• _Short descriptive text snippets_
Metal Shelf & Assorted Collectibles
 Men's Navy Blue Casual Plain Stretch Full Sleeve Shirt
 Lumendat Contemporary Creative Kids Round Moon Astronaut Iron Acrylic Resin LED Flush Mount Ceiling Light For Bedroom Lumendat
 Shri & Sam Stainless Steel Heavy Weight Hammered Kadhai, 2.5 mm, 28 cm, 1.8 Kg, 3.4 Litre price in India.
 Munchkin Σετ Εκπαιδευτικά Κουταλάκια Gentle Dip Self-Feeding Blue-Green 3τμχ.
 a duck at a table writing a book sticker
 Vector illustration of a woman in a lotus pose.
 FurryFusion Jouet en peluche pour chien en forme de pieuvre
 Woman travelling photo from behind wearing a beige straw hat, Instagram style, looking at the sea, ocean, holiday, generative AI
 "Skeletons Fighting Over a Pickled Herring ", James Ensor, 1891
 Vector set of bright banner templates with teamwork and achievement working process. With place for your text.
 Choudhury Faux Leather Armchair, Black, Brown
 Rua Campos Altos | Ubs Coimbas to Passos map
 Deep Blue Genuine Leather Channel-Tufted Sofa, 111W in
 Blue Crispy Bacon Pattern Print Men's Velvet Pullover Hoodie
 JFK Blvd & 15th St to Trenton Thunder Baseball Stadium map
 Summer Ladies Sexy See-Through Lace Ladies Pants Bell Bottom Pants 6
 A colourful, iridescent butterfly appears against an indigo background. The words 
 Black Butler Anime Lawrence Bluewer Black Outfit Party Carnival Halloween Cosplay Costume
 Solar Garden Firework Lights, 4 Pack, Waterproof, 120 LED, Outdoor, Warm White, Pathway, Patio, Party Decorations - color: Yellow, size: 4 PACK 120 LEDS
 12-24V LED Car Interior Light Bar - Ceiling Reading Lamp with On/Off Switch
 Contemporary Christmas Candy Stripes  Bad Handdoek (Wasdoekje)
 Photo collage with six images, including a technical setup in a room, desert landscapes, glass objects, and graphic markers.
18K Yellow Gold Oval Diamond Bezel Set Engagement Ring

• _YOUR TASK_
Of the entries above, repeat exactly the lines from the line with "a duck at a table writing a book sticker" through the line with "James Ensor, 1891", both of them included.

• _WRITTEN SOLUTION_
 a duck at a table writing a book sticker
 Vector illustration of a woman in a lotus pose.
 FurryFusion Jouet en peluche pour chien en forme de pieuvre
 Woman travelling photo from behind wearing a beige straw hat, Instagram style, looking at the sea, ocean, holiday, generative AI
 "Skeletons Fighting Over a Pickled Herring ", James Ensor, 1891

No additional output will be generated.